Crime reporter Francisco Romero, who was enrolled in the Mexican government's protection program for journalists and human rights activists, was found dead in a pool of blood in his hometown of Playa del Carmen, according to prosecutors in the eastern state of Quintana Roo and AFP reporters at the scene.

"The state prosecutor's office has opened a homicide investigation," it said in a statement.

"The victim had filed a complaint on April 12 over threats he had received."

Romero ran a Facebook-based news site called "Ocurrio Aqui" (It Happened Here) that covers local politics and crime and has more than 17,000 followers. He also worked for one of the state's leading newspapers, Quintana Roo Hoy.

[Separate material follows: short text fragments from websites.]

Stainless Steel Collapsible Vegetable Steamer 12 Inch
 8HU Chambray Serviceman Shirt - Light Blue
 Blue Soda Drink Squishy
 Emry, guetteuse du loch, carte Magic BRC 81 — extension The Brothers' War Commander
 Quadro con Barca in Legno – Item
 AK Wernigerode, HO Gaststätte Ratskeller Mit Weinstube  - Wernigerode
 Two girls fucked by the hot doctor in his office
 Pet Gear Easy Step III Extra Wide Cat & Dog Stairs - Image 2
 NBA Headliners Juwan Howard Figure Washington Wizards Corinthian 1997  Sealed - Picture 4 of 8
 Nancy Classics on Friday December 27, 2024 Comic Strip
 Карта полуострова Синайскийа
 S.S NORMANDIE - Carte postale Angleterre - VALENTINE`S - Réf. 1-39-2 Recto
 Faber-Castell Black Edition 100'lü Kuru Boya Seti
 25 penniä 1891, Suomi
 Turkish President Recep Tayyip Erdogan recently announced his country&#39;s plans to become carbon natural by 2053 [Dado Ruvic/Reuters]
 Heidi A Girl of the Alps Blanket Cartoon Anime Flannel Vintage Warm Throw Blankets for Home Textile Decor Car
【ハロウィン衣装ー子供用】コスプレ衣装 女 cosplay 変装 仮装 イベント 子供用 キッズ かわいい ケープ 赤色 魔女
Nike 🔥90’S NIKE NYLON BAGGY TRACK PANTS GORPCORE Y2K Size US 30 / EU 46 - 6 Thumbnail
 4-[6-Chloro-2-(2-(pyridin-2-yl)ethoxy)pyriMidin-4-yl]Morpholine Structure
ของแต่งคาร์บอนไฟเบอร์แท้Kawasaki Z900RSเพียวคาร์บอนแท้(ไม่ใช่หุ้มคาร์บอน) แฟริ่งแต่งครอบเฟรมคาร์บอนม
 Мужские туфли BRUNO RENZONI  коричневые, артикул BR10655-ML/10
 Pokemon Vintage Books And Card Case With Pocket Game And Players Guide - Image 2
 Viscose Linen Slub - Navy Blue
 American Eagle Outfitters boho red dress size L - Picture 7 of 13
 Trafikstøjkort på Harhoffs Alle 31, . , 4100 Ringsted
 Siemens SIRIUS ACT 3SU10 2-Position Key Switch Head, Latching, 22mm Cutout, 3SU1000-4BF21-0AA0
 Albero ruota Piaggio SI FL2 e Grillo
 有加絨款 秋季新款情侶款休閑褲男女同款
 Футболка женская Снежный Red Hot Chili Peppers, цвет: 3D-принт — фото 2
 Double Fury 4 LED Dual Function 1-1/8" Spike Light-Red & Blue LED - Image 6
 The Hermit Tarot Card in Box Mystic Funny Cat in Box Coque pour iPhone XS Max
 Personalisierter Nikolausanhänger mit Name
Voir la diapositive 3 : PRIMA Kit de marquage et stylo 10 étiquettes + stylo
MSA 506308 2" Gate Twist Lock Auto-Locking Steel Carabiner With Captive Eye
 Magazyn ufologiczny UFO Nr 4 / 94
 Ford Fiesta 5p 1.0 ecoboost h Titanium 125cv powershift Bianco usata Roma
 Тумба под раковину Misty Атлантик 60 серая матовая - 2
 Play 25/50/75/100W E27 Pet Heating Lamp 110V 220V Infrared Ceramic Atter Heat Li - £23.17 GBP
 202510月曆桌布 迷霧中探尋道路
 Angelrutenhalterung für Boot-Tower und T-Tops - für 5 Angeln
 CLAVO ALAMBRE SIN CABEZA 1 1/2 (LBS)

"He was an independent reporter, and had been under the protection program for journalists since 2018," said Balbina Flores, Mexico director for watchdog group Reporters Without Borders.

The government program provides different kinds of protection to threatened journalists and human rights activists, ranging from panic buttons to home surveillance to bodyguards.

Flores said Romero had been enrolled in it after the murder last year of one of his collaborators, fellow Playa del Carmen journalist Ruben Pat.

Four journalists have now been murdered in the state of Quintana Roo in the past year, and five across Mexico so far this year.

Mexico is one of the most dangerous countries in the world for journalists: more than 100 have been murdered here since 2000, amid a wave of violence linked to drug trafficking and political corruption.

The vast majority of those killings remain unpunished.

Reporters Without Borders ranks the country as the third most dangerous in the world for the press, after war-torn Afghanistan and Syria.